- _Task objective_:
Please output exactly the lines from the one containing "Мужская футболка 3D" through the end of the records below, leaving out any pictures.

- _Task input_:

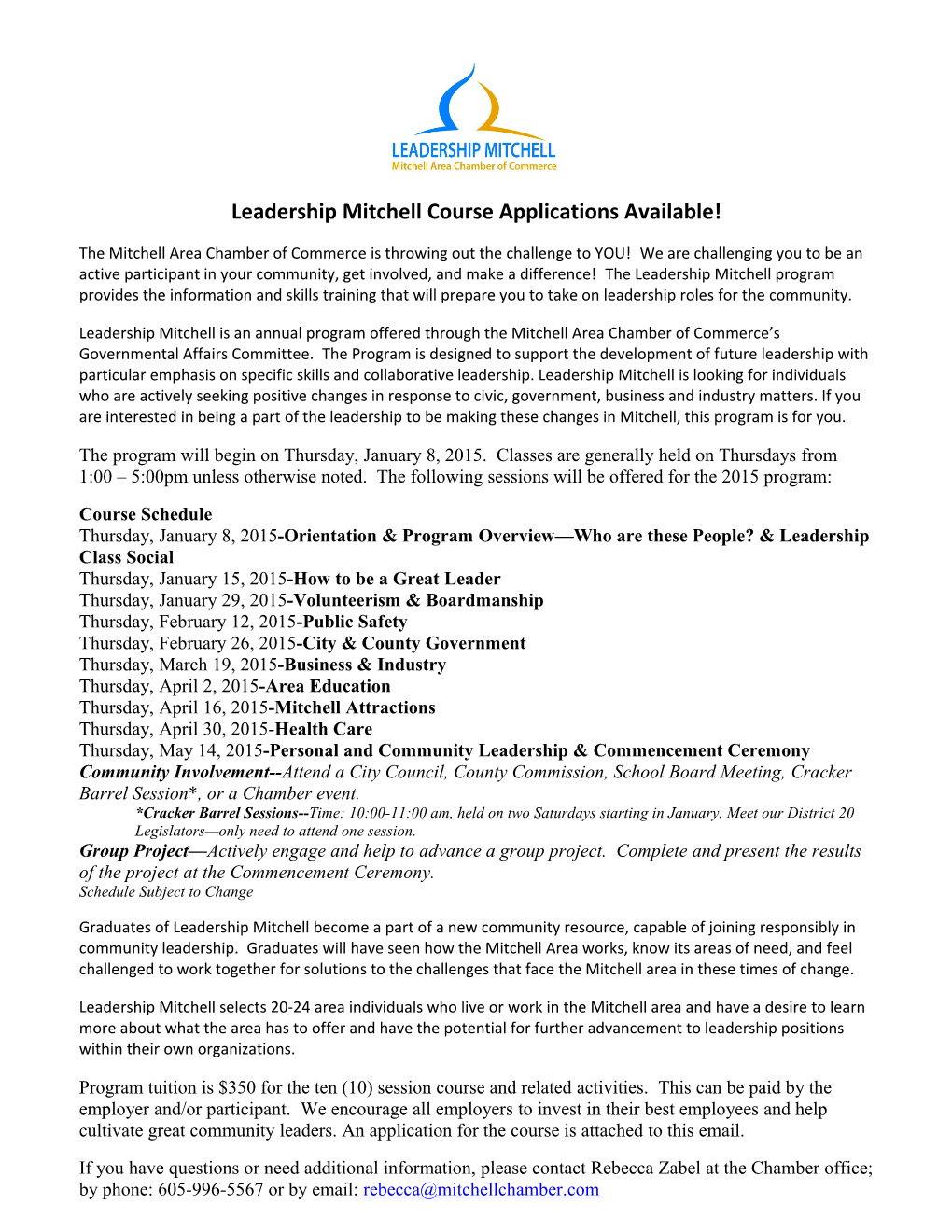 Leadership Mitchell Course Applications Available!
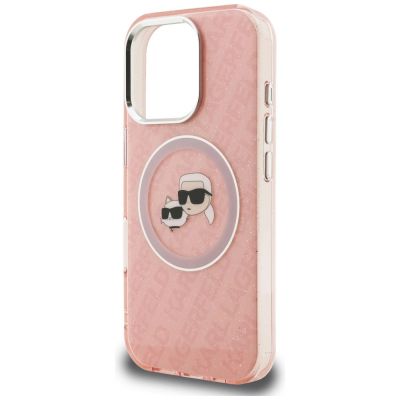 6. Etui Karl Lagerfeld IML Glitter Karl & Choupette Heads Logo MagSafe na iPhone 16 Pro Max - różowe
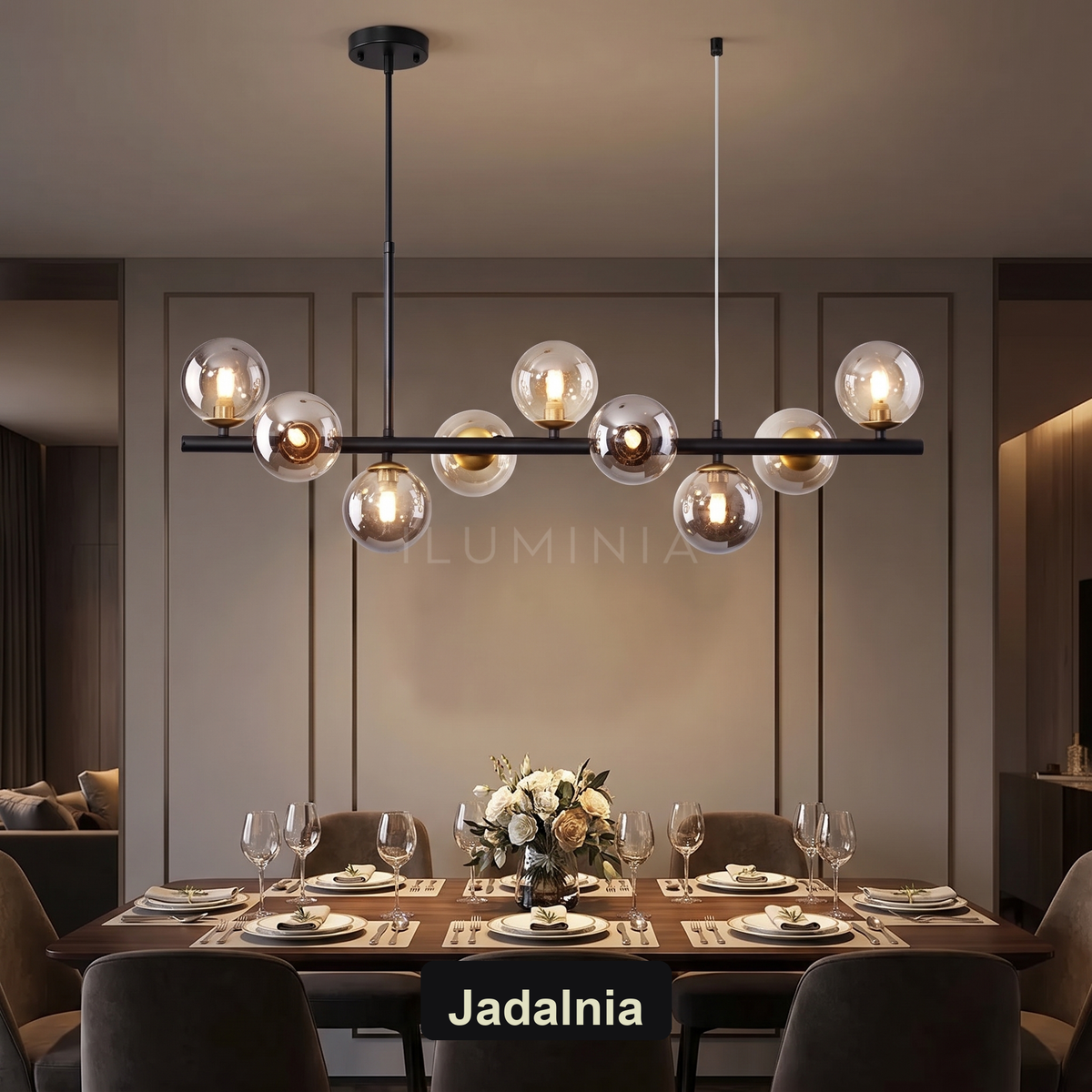 Lampa wisząca szklana kula | Ardenza – jadalnia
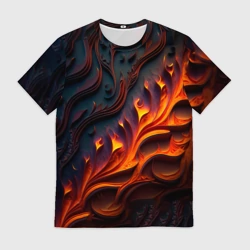 Мужская футболка 3D Огненный орнамент с языками пламени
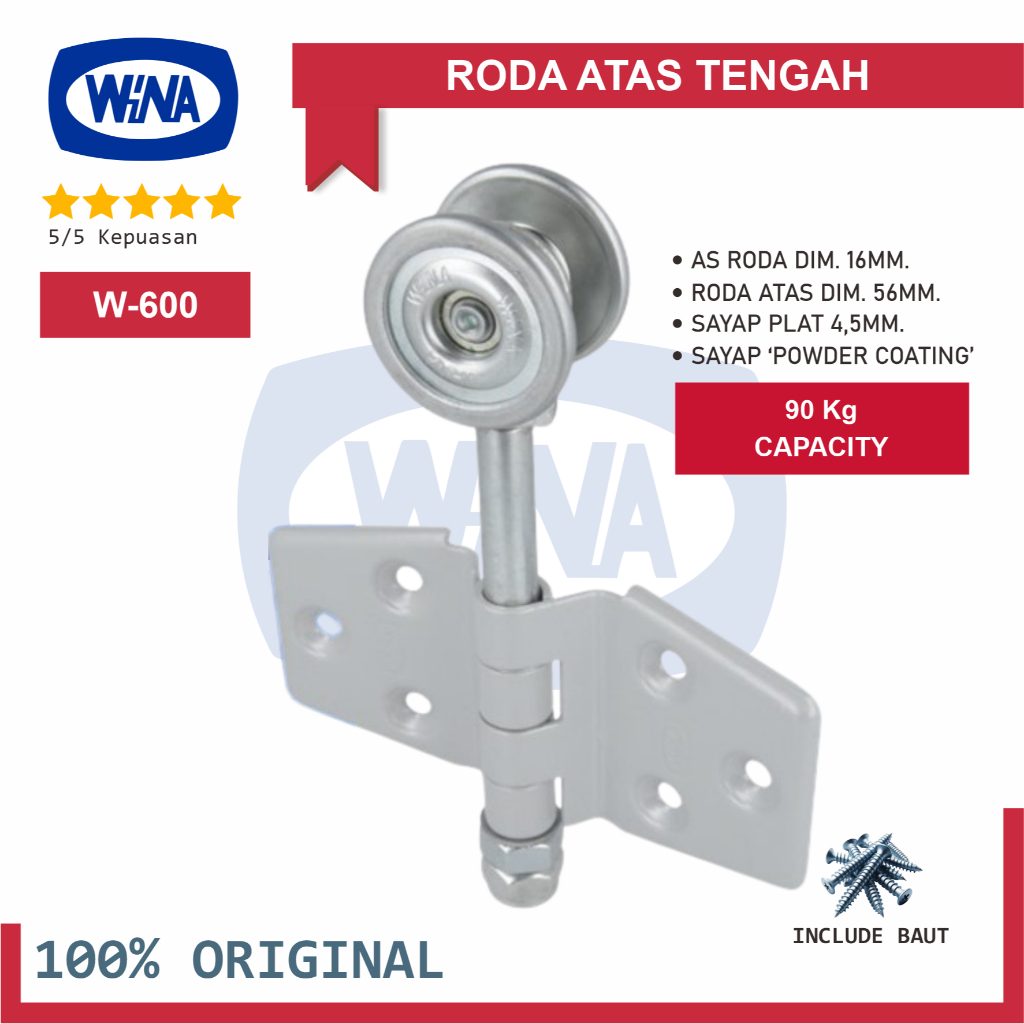 WINA W600 Roda Atas Tengah untuk Pintu Garasi Sliding Kayu dan Besi Original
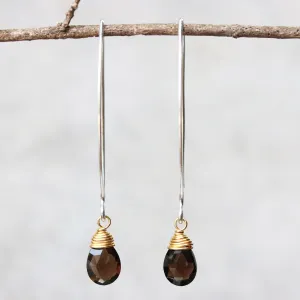 Smoky Quartz genuine gemstone drop earrings with long marquis sterling silver earwire and 24k gold wrapped gemstone drop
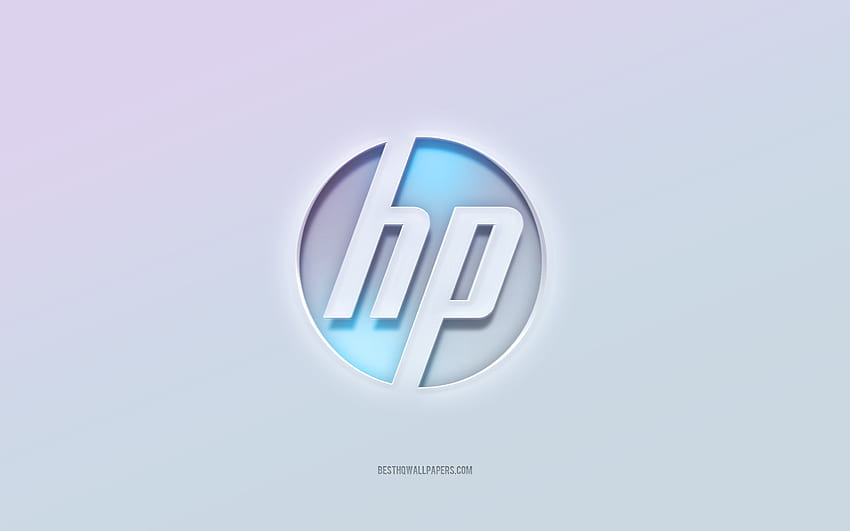 Лого на HP, Hewlett-Packard, изрязан 3d текст, бял фон, лого на HP 3d, емблема на HP, HP, лого на Hewlett-Packard, релефно лого, емблема на HP 3d HD тапет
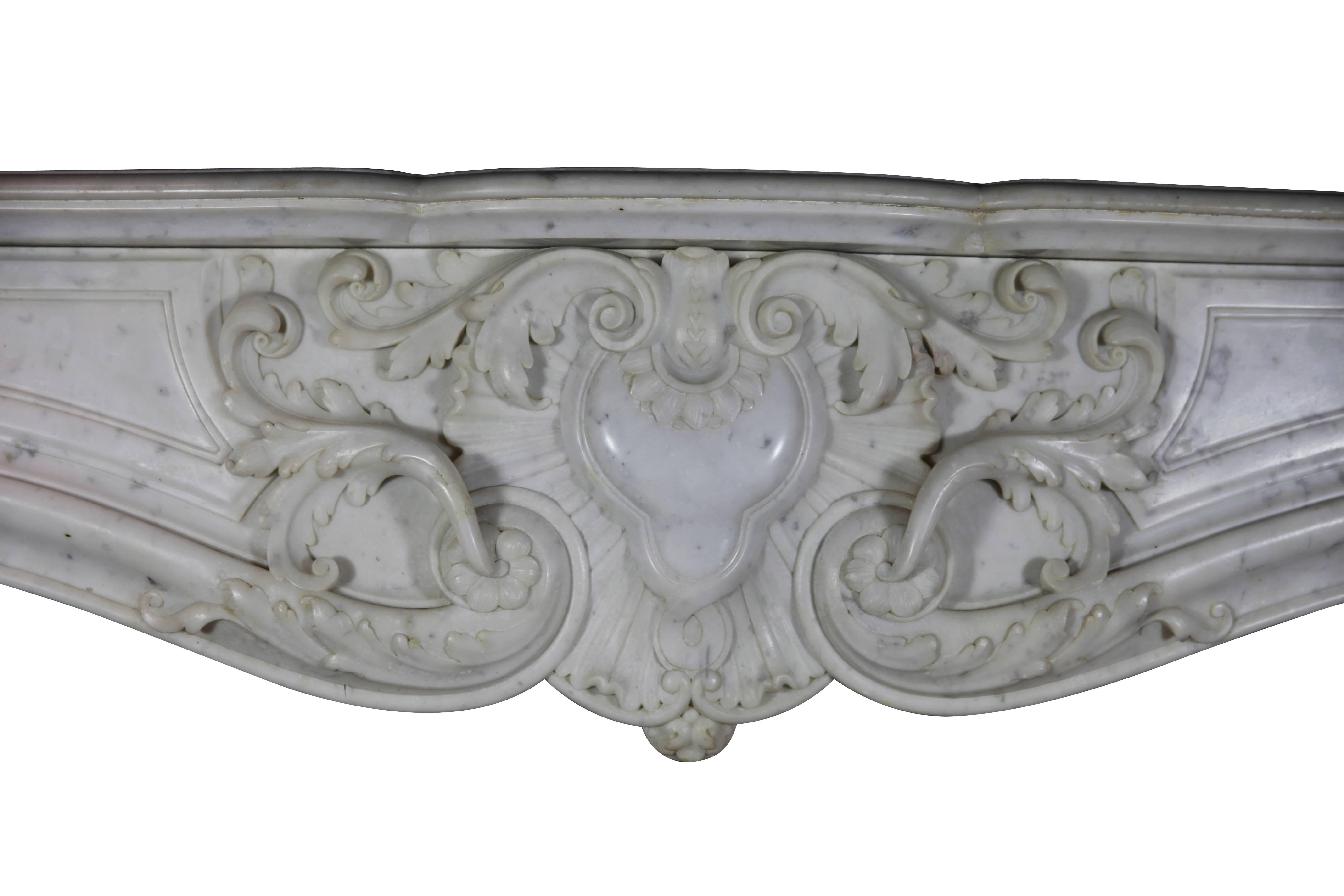 Rococo Revival French Grand Interior Antique Fireplace Surround in Carrara White Marble For Sale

- _Written response_:
 Мужская футболка 3D Огненный орнамент с языками пламени
 WINA W600 Roda Atas Tengah untuk Pintu Garasi Sliding Kayu dan Besi Original
 Smoky Quartz genuine gemstone drop earrings with long marquis sterling silver earwire and 24k gold wrapped gemstone drop
 Лого на HP, Hewlett-Packard, изрязан 3d текст, бял фон, лого на HP 3d, емблема на HP, HP, лого на Hewlett-Packard, релефно лого, емблема на HP 3d HD тапет
 Rococo Revival French Grand Interior Antique Fireplace Surround in Carrara White Marble For Sale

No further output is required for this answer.